Start of Block

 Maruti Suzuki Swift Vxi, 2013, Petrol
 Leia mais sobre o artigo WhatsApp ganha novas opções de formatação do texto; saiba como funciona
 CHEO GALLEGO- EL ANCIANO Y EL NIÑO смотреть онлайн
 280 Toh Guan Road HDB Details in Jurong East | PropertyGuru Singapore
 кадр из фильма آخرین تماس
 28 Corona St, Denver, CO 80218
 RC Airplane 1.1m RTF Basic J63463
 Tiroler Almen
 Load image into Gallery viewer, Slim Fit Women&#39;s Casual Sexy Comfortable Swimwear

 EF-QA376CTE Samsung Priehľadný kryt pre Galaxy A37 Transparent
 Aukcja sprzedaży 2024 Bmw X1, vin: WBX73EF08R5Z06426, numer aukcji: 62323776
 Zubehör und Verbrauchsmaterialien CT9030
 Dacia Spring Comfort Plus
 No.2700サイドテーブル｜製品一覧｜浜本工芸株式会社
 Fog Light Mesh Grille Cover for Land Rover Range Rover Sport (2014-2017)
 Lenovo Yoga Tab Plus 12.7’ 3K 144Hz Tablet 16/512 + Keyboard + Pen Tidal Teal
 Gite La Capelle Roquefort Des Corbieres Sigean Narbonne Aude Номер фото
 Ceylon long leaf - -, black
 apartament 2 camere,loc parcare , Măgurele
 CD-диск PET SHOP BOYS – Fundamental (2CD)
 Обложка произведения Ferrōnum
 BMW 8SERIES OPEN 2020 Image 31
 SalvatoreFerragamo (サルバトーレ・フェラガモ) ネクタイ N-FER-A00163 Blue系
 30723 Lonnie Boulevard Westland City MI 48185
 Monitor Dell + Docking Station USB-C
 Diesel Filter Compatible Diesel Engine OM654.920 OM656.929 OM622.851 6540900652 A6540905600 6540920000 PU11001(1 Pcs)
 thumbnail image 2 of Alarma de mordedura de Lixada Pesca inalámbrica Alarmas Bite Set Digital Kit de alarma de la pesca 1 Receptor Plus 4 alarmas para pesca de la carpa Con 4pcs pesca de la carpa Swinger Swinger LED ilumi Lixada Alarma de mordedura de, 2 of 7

End of Block

#### BRIEF:
For this exercise, copy word for word the line that contains "EF-QA376CTE Samsung Priehľadný" and every line after it, ending with the last line of the entries above.

#### RESULT OF THE TASK:
 EF-QA376CTE Samsung Priehľadný kryt pre Galaxy A37 Transparent
 Aukcja sprzedaży 2024 Bmw X1, vin: WBX73EF08R5Z06426, numer aukcji: 62323776
 Zubehör und Verbrauchsmaterialien CT9030
 Dacia Spring Comfort Plus
 No.2700サイドテーブル｜製品一覧｜浜本工芸株式会社
 Fog Light Mesh Grille Cover for Land Rover Range Rover Sport (2014-2017)
 Lenovo Yoga Tab Plus 12.7’ 3K 144Hz Tablet 16/512 + Keyboard + Pen Tidal Teal
 Gite La Capelle Roquefort Des Corbieres Sigean Narbonne Aude Номер фото
 Ceylon long leaf - -, black
 apartament 2 camere,loc parcare , Măgurele
 CD-диск PET SHOP BOYS – Fundamental (2CD)
 Обложка произведения Ferrōnum
 BMW 8SERIES OPEN 2020 Image 31
 SalvatoreFerragamo (サルバトーレ・フェラガモ) ネクタイ N-FER-A00163 Blue系
 30723 Lonnie Boulevard Westland City MI 48185
 Monitor Dell + Docking Station USB-C
 Diesel Filter Compatible Diesel Engine OM654.920 OM656.929 OM622.851 6540900652 A6540905600 6540920000 PU11001(1 Pcs)
 thumbnail image 2 of Alarma de mordedura de Lixada Pesca inalámbrica Alarmas Bite Set Digital Kit de alarma de la pesca 1 Receptor Plus 4 alarmas para pesca de la carpa Con 4pcs pesca de la carpa Swinger Swinger LED ilumi Lixada Alarma de mordedura de, 2 of 7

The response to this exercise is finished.